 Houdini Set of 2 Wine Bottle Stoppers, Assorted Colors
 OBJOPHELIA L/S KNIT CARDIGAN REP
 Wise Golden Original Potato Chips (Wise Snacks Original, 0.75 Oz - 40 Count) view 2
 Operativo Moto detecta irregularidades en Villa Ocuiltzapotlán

==

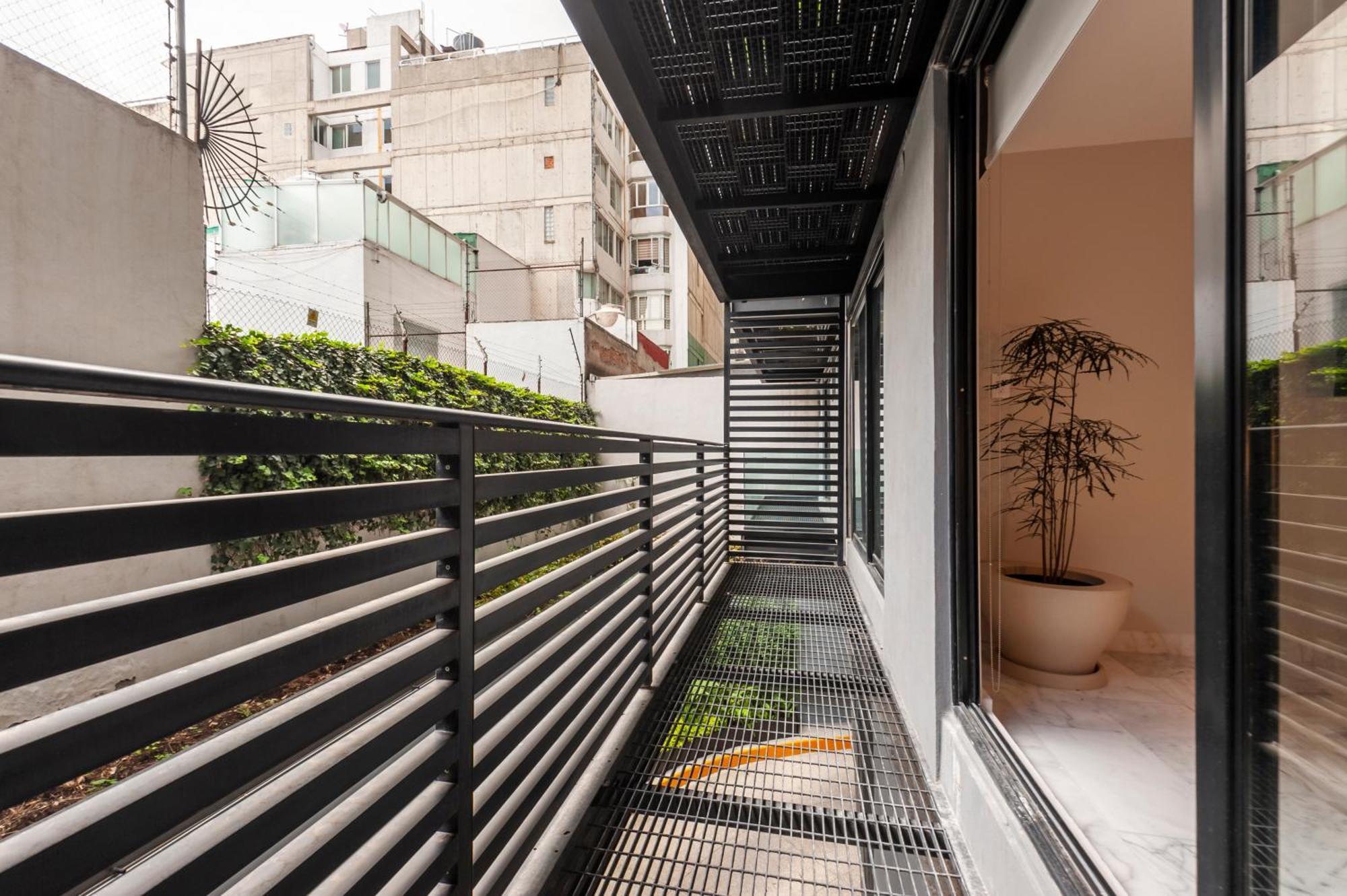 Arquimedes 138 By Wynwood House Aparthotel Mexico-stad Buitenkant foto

ABOUT THIS EXERCISE
Take the lines above from the one containing "OBJOPHELIA L/S KNIT CARDIGAN REP" down to the one containing "Operativo Moto detecta", and transcribe them exactly, both ends included.

RESPONSE FOR THIS EXERCISE
 OBJOPHELIA L/S KNIT CARDIGAN REP
 Wise Golden Original Potato Chips (Wise Snacks Original, 0.75 Oz - 40 Count) view 2
 Operativo Moto detecta irregularidades en Villa Ocuiltzapotlán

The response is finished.